Dawn

Dawn

Friday, July 04, 2014

British naval failures; Ambivalent words; Galician government; & Muslims for Peace.


It really annoys some Spaniards that the British only remember their victories and conveniently forget their defeats. Especially if the latter were inflicted by the Spanish. For example, there was the failed attacks on Cádiz in 1797 and on Ferrol in 1800. And, before that, the attacks by Drake on La Coruña and on Lisbon in 1589. And then there was the humiliating defeat of the British fleet at Cartagena de Indias in 1741. Or somewhere like that; I can't really remember. What really drives all this anger, though, is not the apparent anti-British sentiment but very real resentment that Spanish kids aren't taught about these Spanish victories. All of which, by the way, amounted to beating off attackers, not defeating them on the open seas. Which is not to diminish them in any real way. The boys done well. And, in 1589, the British lost the chance to wrest naval supremacy from the Spanish until much later.

Here's another of those Spanish words which mean something very different in the female form - pendón. Apart from meaning banner, this means layabout or good-for-nothing in the masculine form but - what else? - tart or slut in the feminine form. Is there no end to these?

In retrospect, it wasn't a great idea to have my roof tiles replaced during the World Cup but who was to know the scaffolding was going to block the signal to my dish?

As I was leaving town on Tuesday night at 10 - to walk home to a non-viewable football match - there was a blackbird singing its throat out on the roof of the offices of the provincial administration. Can there be any more pleasant sound of an evening?

By the way, Pontevedra is blessed with the offices of the national, provincial and municipal administrations, all within spitting distance of each other on either side of the Alameda. Guess who the city's main employers are.

Talking of such things . . . The ex-President one of the Galician provincial administrations is in court on charges of nepotism and croneyism. Faced with the accusation of putting more than a hundred of his relatives in administrative positions, he responded that he'd thought there was nothing wrong with this and that it was perfectly normal. The chap employed a Personnel Manager, whose only task, it seems, was to take note of which job was to go to which of the President's relatives. Something of a cushy number, then.

Finally . . . Here's one of my favourite columnists on the Muslims for Peace non-movement:-

Moderate Muslims – it’s time to be outraged: David Aaronovitch

Why is there no Islamic peace movement? Because followers are too caught up feeling sorry for themselves as victims.

It is a hard enough thing to run away from home in Cardiff to become a warrior for the caliphate, it is quite another to do it from Melbourne. But in Australia too last week there were stories and photos of local Muslim boys who had somehow managed to travel half the circumference of the globe to take part in a conflict their surfing school-mates had probably never even heard of.

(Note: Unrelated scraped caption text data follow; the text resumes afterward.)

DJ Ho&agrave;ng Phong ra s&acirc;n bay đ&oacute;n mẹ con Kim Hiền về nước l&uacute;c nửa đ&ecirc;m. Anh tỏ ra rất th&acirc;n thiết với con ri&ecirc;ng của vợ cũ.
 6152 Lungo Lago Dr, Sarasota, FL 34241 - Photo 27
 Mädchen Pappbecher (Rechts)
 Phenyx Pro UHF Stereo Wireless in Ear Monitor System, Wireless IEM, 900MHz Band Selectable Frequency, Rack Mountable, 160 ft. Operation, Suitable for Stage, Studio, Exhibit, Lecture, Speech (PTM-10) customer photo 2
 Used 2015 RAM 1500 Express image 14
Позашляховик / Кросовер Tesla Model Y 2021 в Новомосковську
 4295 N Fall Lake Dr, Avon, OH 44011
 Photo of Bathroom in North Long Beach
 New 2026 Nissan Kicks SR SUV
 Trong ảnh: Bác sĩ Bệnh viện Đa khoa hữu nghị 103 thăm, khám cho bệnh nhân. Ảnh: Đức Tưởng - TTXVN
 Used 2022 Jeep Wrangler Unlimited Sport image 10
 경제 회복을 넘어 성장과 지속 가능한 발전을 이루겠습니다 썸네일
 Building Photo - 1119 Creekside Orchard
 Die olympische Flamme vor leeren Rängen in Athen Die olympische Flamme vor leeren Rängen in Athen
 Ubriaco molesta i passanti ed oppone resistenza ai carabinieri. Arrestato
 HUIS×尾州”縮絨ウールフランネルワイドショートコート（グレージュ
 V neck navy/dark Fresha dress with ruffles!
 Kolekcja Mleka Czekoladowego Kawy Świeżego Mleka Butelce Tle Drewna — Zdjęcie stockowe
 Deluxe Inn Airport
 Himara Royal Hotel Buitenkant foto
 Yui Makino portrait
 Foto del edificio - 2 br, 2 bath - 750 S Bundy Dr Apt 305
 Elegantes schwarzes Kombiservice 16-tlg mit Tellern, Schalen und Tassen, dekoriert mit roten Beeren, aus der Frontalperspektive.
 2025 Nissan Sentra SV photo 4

Reading about this in an Aussie paper in a coffee bar in Sydney I found myself wondering how this could have happened. Or, more precisely, why it doesn’t seem to happen for anyone who isn’t a Muslim. Coptic Christians from Ethiopia are not to be found trekking across the intervening desert to take up arms on behalf of their persecuted Egyptian brothers; 17-year-old Huddersfield Catholics and west London Greek Orthodox altarboys are not en route to Ukraine to take part in the struggle for Donetsk. If, God forbid, there were widespread violence in socialist Venezuela, I would not expect the Pilger battalion of British teen leftists to turn up, red-arm-banded, in Caracas. So why, Muslims might ask themselves, echoing Mario Balotelli, is it always us?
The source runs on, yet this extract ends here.